Marcus stepped slowly toward her.
“For what were you looking,
as you dreamed and walked?” asked Livia.
“You,” he said.
She shook her head in wondering denial. “But I was here all the time.”
“If you saw me, why did you not speak?” asked Marcus. He sat on his heels and looked at her, afraid to breathe loudly for fear that she would disappear and she would be only a fantasy again.
“I do not speak to men who ignore me,” she said in a lofty tone.
Then she laughed, her whole face sparkling. “I was in trees and watched you from above. I was behind a trunk, and you passed within paces of me. I sat in grass and felt your footsteps. But you did not find me!”
She has a voice like summer water, thought Marcus.
She was not a girl like others he had seen, in the women’s quarters of his grandfather’s houses, or in the streets with their mothers and servants about them. She was not like the girls he had glimpsed in temples, quietly extending their offerings, and praying. He was a youth and he had been stirred by rounded limbs and rising young bosoms and smooth necks and arms. But it had been a passing emotion, which had embarrassed him later when he had looked at his mother and had wondered about her and his father in bed. In some way the very excitement in his loins had seemed shameful and disloyal to his parents.

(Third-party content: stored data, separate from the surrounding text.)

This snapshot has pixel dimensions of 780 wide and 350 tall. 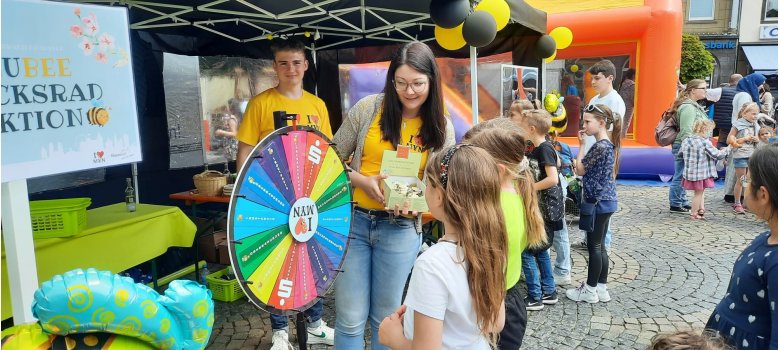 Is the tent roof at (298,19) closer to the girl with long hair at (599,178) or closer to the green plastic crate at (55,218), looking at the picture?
the green plastic crate at (55,218)

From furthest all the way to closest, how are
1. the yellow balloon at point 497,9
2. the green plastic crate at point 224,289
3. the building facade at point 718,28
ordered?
the building facade at point 718,28, the yellow balloon at point 497,9, the green plastic crate at point 224,289

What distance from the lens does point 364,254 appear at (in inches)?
81.4

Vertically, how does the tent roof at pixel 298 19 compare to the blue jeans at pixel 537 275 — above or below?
above

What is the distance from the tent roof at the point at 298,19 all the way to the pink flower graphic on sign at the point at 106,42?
2082mm

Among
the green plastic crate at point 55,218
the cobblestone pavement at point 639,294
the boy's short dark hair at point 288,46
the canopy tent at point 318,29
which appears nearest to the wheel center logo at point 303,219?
the boy's short dark hair at point 288,46

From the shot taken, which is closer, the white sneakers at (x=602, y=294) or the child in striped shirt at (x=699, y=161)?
the white sneakers at (x=602, y=294)

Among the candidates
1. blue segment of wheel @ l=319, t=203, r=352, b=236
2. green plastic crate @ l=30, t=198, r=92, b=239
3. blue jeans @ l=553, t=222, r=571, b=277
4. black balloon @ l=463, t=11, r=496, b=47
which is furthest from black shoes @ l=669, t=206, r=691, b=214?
Result: green plastic crate @ l=30, t=198, r=92, b=239

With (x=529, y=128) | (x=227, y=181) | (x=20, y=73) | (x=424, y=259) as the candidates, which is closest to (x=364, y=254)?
(x=424, y=259)

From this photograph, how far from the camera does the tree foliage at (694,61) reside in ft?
58.9

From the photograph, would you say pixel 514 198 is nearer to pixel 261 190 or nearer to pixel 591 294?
pixel 261 190

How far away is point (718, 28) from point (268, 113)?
24.7 m

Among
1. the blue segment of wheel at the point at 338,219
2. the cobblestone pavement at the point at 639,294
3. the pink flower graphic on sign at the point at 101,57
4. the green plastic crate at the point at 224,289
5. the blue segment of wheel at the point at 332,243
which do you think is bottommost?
the cobblestone pavement at the point at 639,294

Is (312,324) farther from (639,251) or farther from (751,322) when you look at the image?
(639,251)

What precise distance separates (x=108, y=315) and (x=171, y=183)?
387 cm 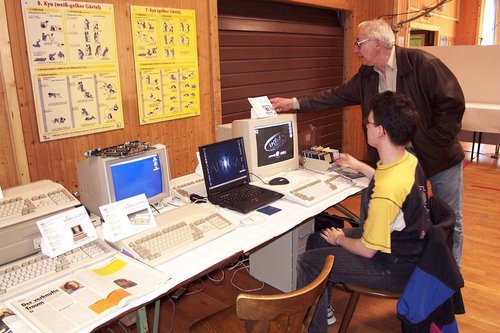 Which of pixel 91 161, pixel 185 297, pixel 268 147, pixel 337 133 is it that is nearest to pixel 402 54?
pixel 268 147

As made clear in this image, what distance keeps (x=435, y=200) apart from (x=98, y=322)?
58.0 inches

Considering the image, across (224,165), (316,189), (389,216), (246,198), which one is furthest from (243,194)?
(389,216)

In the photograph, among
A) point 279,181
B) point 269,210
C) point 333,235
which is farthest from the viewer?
point 279,181

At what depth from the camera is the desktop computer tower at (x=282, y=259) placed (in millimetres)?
2500

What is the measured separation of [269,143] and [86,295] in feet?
4.87

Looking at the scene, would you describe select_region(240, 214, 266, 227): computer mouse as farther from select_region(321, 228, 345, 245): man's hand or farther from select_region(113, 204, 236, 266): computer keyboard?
select_region(321, 228, 345, 245): man's hand

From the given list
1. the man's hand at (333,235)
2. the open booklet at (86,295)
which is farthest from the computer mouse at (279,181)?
the open booklet at (86,295)

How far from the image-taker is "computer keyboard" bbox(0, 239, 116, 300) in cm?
137

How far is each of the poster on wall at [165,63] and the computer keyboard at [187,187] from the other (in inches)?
33.7

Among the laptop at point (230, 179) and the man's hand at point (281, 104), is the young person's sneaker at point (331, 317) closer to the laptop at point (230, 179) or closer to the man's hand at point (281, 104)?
the laptop at point (230, 179)

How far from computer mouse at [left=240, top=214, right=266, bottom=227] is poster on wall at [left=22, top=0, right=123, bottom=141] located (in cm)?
143

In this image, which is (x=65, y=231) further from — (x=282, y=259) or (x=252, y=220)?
(x=282, y=259)

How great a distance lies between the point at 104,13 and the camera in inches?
107

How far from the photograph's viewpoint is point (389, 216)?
159 centimetres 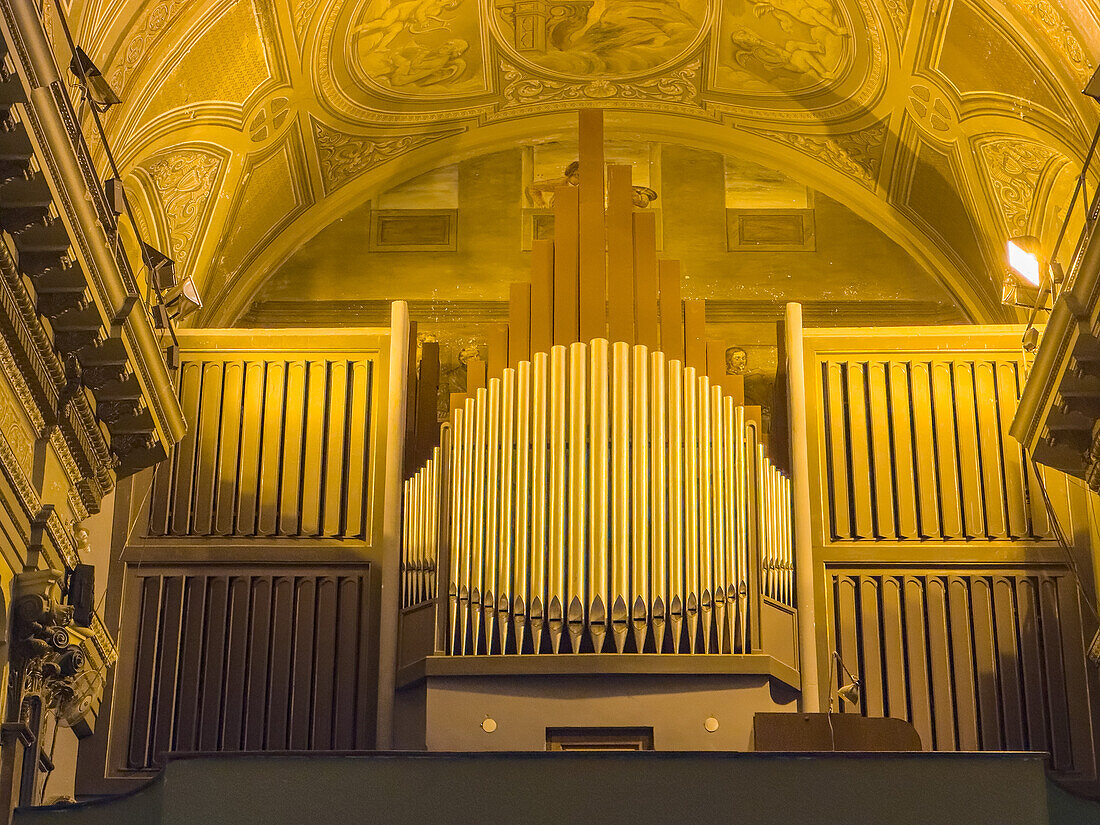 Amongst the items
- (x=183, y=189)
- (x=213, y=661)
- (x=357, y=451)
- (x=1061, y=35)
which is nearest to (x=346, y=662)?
(x=213, y=661)

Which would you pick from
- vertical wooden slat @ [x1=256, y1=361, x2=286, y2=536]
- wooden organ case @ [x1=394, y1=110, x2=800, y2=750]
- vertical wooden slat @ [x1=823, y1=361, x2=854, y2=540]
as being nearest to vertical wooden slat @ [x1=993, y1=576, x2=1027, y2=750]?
vertical wooden slat @ [x1=823, y1=361, x2=854, y2=540]

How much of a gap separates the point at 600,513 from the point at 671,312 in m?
1.48

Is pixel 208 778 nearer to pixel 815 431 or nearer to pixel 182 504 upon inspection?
pixel 182 504

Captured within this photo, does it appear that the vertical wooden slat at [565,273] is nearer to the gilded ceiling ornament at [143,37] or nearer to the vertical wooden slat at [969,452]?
the vertical wooden slat at [969,452]

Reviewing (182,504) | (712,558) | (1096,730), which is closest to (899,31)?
(712,558)

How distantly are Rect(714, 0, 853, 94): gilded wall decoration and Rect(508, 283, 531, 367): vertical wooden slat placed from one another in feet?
8.07

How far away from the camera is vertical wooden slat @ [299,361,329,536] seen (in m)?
11.6

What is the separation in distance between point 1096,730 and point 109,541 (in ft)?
18.9

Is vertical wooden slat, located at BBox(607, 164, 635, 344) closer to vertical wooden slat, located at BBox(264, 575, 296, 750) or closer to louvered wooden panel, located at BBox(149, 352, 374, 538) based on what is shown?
louvered wooden panel, located at BBox(149, 352, 374, 538)

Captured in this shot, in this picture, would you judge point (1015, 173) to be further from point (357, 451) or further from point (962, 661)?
point (357, 451)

But he looked at Livia openly, without embarrassment, and only with the most urgent longing and passionate love, this girl he had seen so briefly once, this girl who might have been a fantasy. He looked at her lips, red and indented on the lower lip. He looked into her eyes, and at the curve of her throat. He looked at her breast and the slenderness of her waist. He looked as a man looks, forgetting everything else.
“You hid from me,” he said. The thought was a delight.
She let leaves slide through her fingers, and her mood changed again and she was serious. She appeared to forget him, as she watched the leaves. The light trembled on her throat, her cheek, her hands.